Italian Graffiti – Percorsi italiani nella (s)memoria cinematografica collettiva a cura di Massimiliano Schiavoni
Più conosciuto per i suoi melodrammi d’appendice, da Catene in giù, con la coppia Amedeo Nazzari-Yvonne Sanson, Raffaello Matarazzo annovera tra le sue opere anche un cult (o scult, a seconda dei gusti) che negli anni è andato incontro a una vicenda critica piuttosto singolare. La nave delle donne maledette (1953), a conti fatti, è un fumettone esagitato, che contamina selvaggiamente vari filoni di gran moda in Italia negli anni ’50: per l’appunto il melodramma “alla Matarazzo”, il film in costume ai confini del cappa-e-spada, il film-balletto con parentesi coreografiche, e certi erotismi sottaciuti e sublimati, che qui esplodono per la prima volta in buona evidenza. Recuperato in dvd da Medusa dal 26 settembre nei suoi colori originali, andati perduti nelle rare copie in bianco e nero circolanti in tv, il film di Matarazzo prende le mosse da una vicenda talmente intricata che un suo ipotetico riassunto supererebbe la durata del film. Basti sapere che, dopo un’ingiusta condanna davanti a un tribunale spagnolo del ‘700, un’eroina sventurata (May Britt, breve diva di quegli anni) finisce su un galeone di prigioniere dirette alle colonie per scontare la loro pena ai lavori forzati. E, seguita dal prode Ettore Manni che vuol salvarla, e dalla perfida cugina che l’ha fatta condannare, durante il viaggio in mare la donzella vedrà esplodere una violenta ribellione delle prigioniere, con finale catarsi distruttiva.

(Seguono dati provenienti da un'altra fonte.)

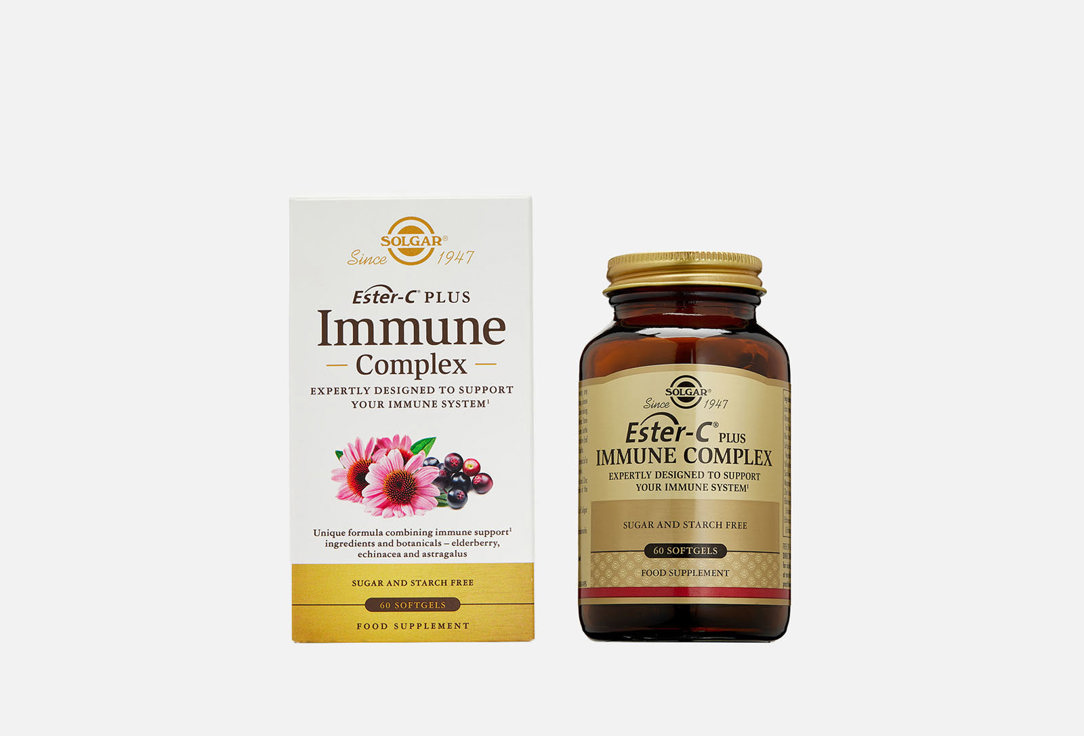 Изображение товара БАД для укрепления иммунитета Solgar Ester-C Plus Immune Complex в капсулах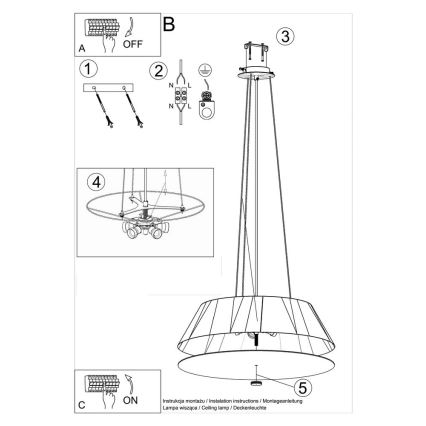 Chandelier on a string VEGA 5xE27/60W/230V d. 60 cm black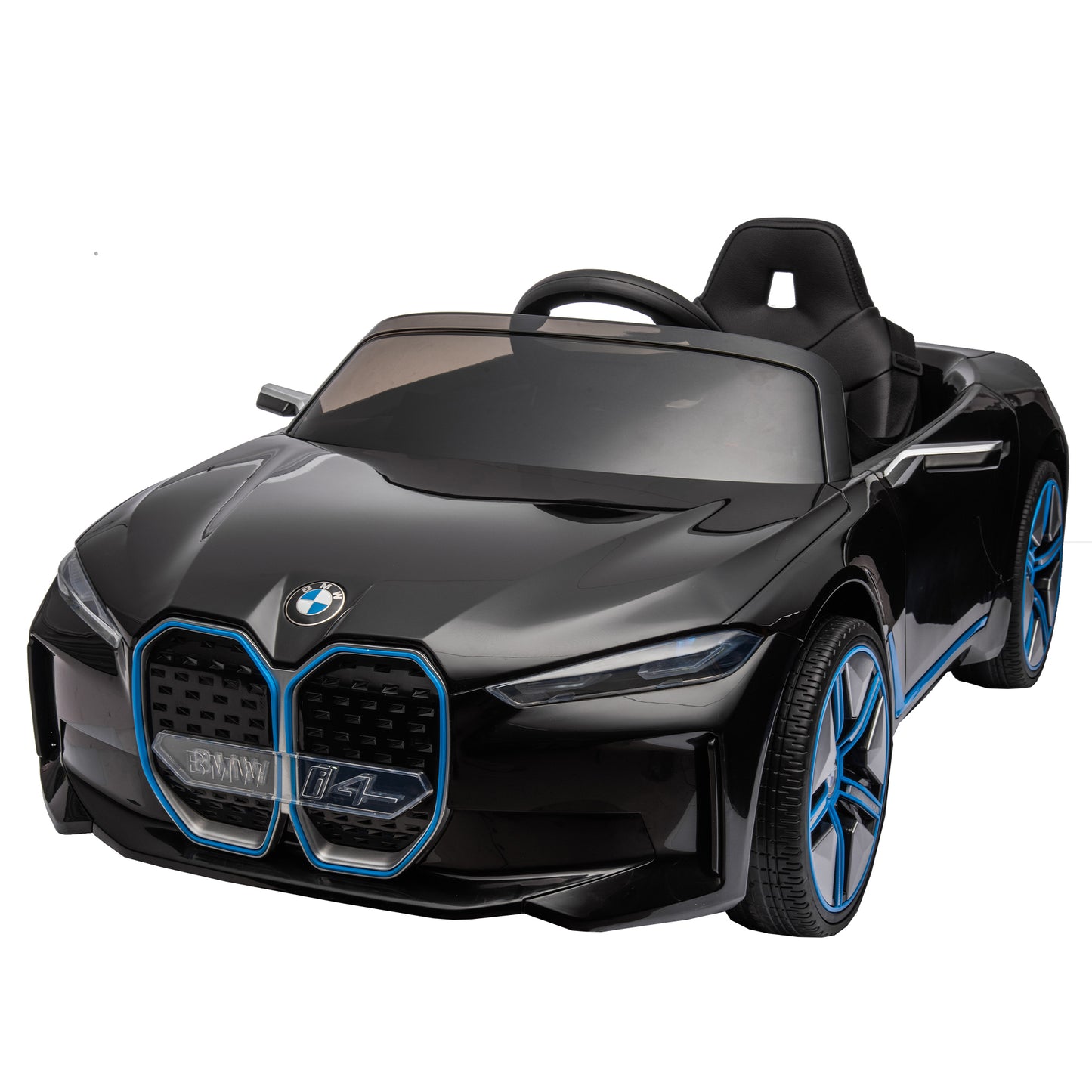 Licensed BMW I4, 12V Kids Ride On Car - 2.4G Remote Control, Electric Car for Kids - Three-Speed Adjustable, Power Display, USB, MP3, Bluetooth - LED Light, Two-Point Safety Belt, Story - Red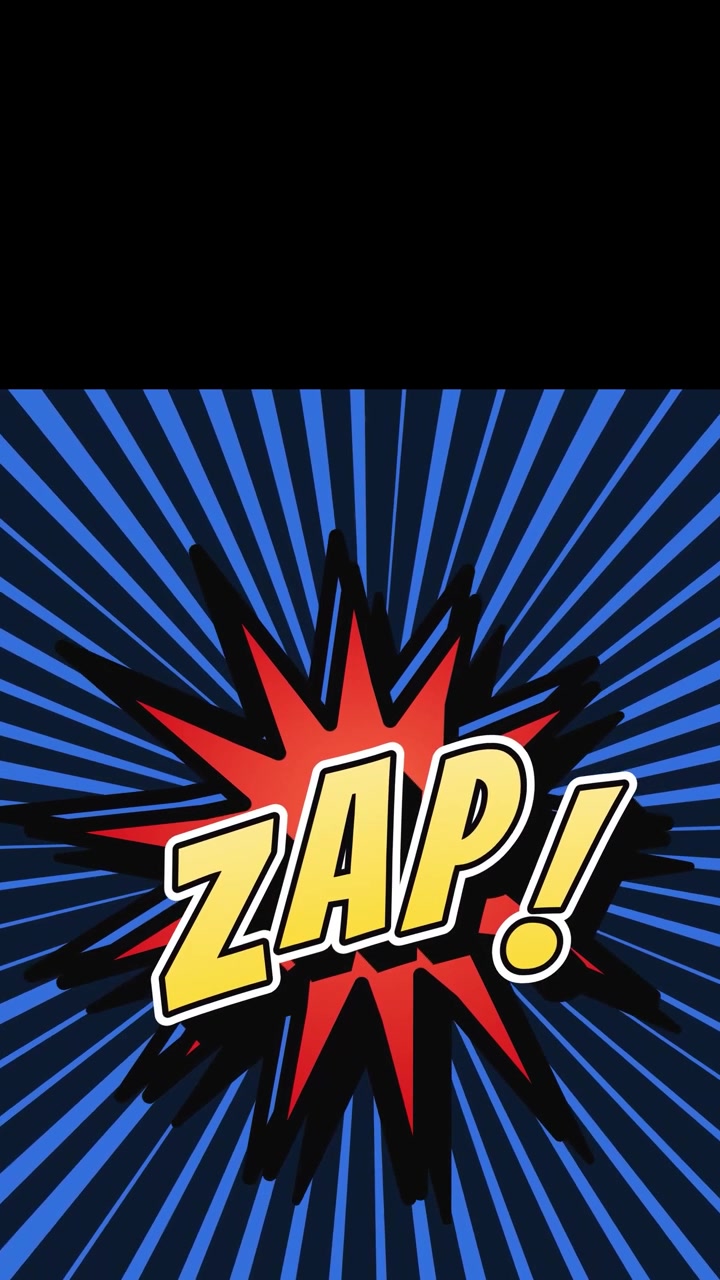 Comic book style zap text on rotating blue radial background with black copy space at top, seamless loop, vertical format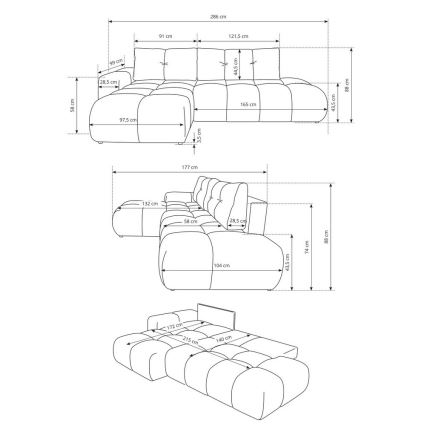 Canapé d'angle convertible tapissé ALMADA en L, côté droit, beige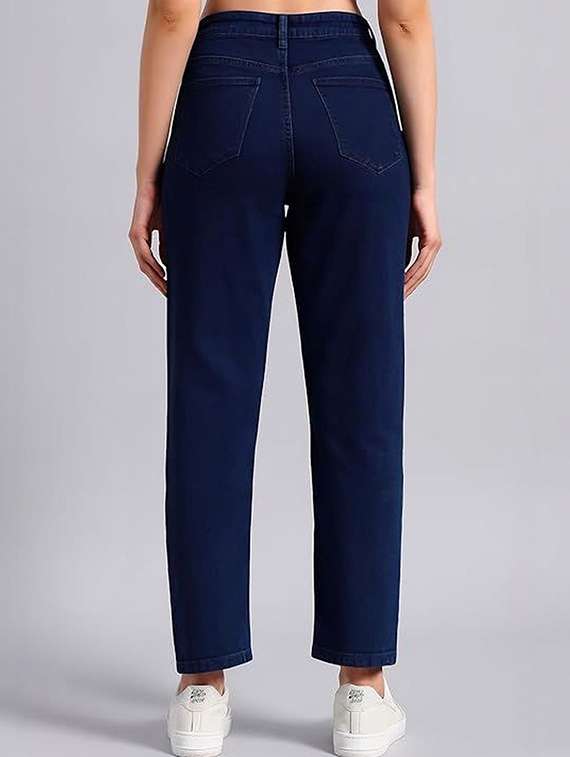 women solid high rise mom fit jeans - 22376639 -  Standard Image - 1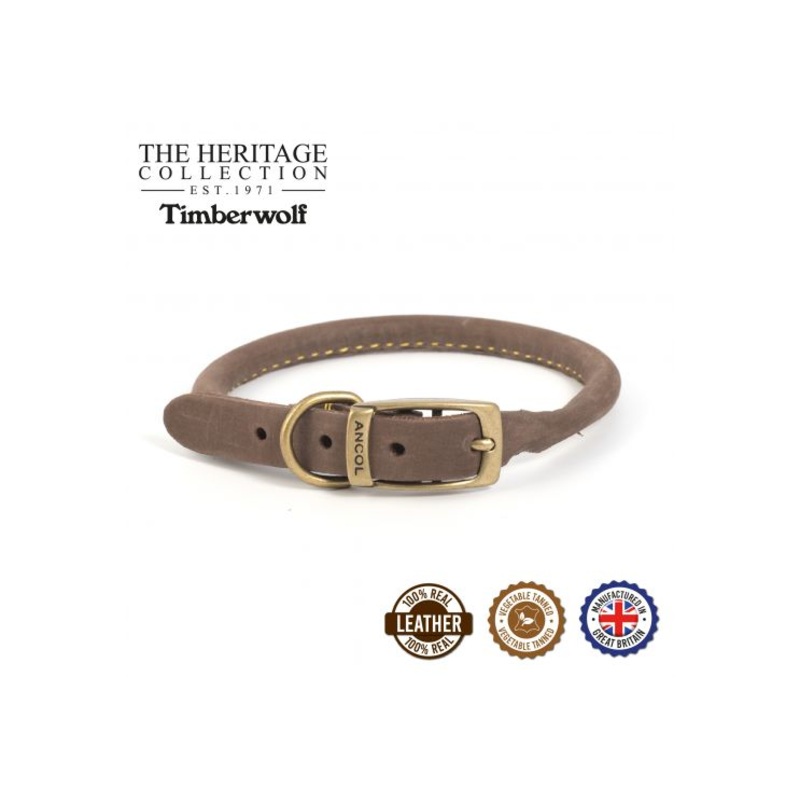 Ancol - Timberwolf Round Leather Collar - Sable - 39-48cm (Size 5)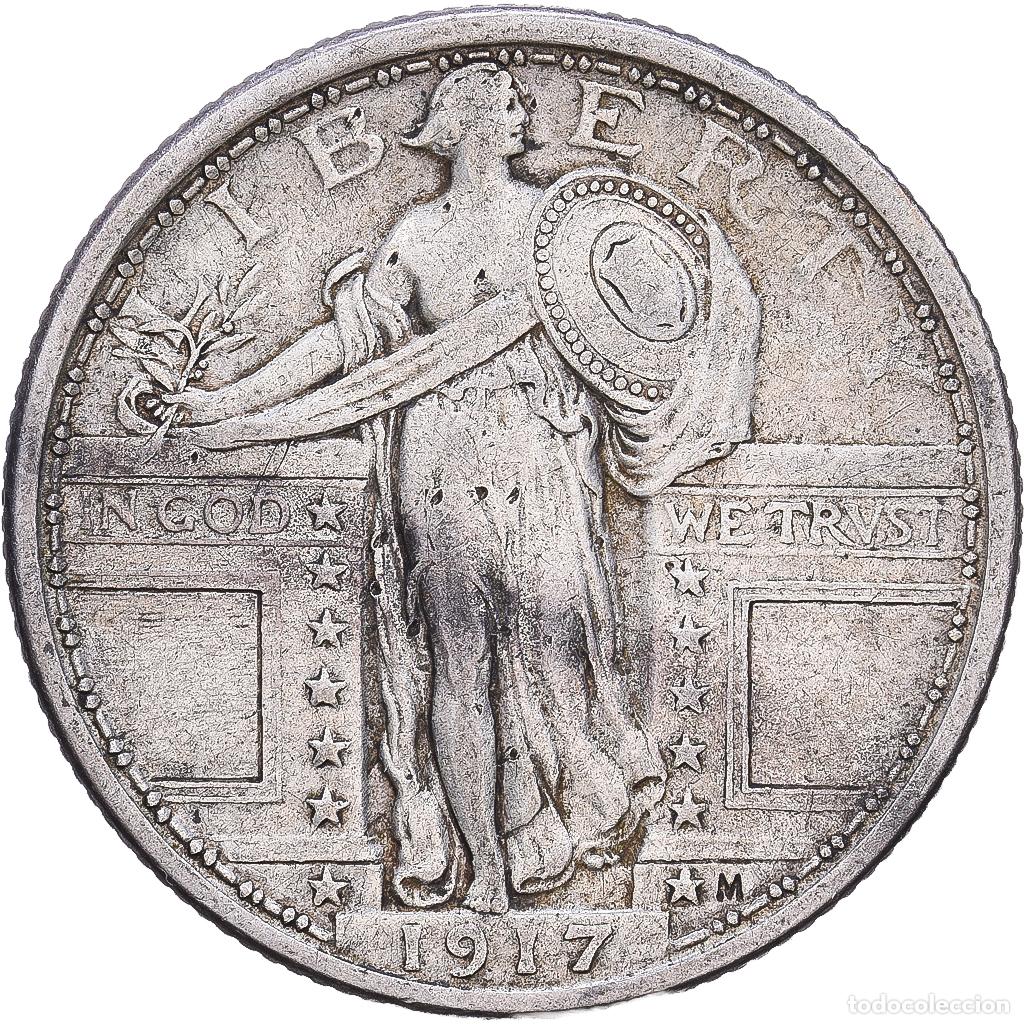 Monedas antiguas de Am&eacute;rica: [#1547738] Estados Unidos, Standing Liberty Quarter, 1917, Philadelphia, Plata, KM:141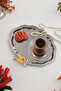Keveldi Silver Butterfly Detailed Oval Coffee Presentation Tray Serving Tea Tray Decorative Tray - 3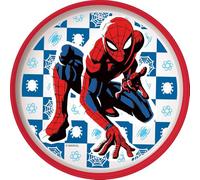 Marvel Piatto piano bianco e rosso per bambini in plastica Spiderman Uomo Ragno con base antiscivolo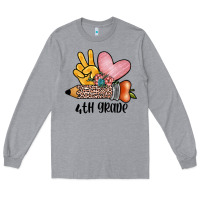 Heather Grey peace love 4th grade Long Sleeve Tee - JahusDesignShop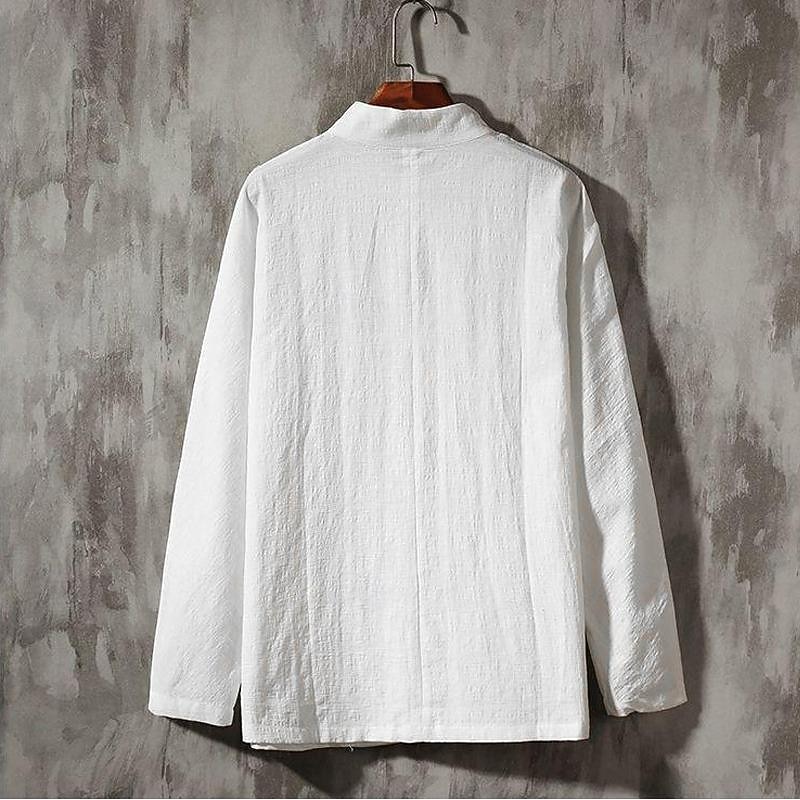 Men's Shirt Linen Shirt Chinese Collar Shirt Mandarin Collar Shirt Casual Shirt Cotton Shirt Plain Vacation Hawaiian Black White Navy Blue Beige Long Sleeve Grandad Collar Spring &  Fall Clothing2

A distanza di anni si è aperta sul film una sorta di “caccia alla teoria allegorica più eccentrica”, speculando su proto-femminismo, riflessi di conflitto mistico-ideologico tra comunismo e cattolicesimo, e quant’altro. E’ vero che Matarazzo chiude la vicenda su una conversione generale che annienta il caos scoppiato sulla nave, ma né più né meno ci ritroviamo nel consueto misticismo salvifico che già caratterizzava i suoi melodrammoni più conosciuti. Al di là delle più sfrenate teorie, è interessante invece prendere il film per quel che è: un esempio di contaminazione di generi, affastellati e/o giustapposti per fare cassetta andando incontro indiscriminatamente a tutti i gusti possibili del pubblico. Dopo aver sondato il suo pubblico su “lacrime e sangue” e costumi e scenografie cheap, stavolta Matarazzo scopre che anche qualche centimetro di epidermide femminile può avere il suo buon peso, e si lancia in dettagli iperbolici di seni popputi con tanto di controcampo di marinai in fregola. Così come il sadismo ha il suo perché, e quindi giù di frustate su corpi nudi maschili e femminili. Una contaminazione sfrenata in funzione commerciale. Ovvero, un primo esempio di ciò che nei nostri anni ’70 diventerà una consueta deriva. A fronte di una monotonia visiva spesso disarmante (la macchina da presa si muove per costanti e timide panoramiche in inquadratura frontale, quasi come su un palcoscenico), Matarazzo indugia infatti in sequenze tra le prigioniere ammassate che sembrano anticipare certi sbracati prison-movie al femminile di vent’anni dopo. Insomma, non ci sarebbe da stupirsi se, dopo essersi divorato tutto il nostro cinema anni ’70, Quentin Tarantino trovasse in La nave delle donne maledette un nuovo idolo da venerare. Fosse solo per quel branco di donne violente e autoritarie che, mettendo a soqquadro un galeone spagnolo, sembrano uscite dalla blaxploitation americana.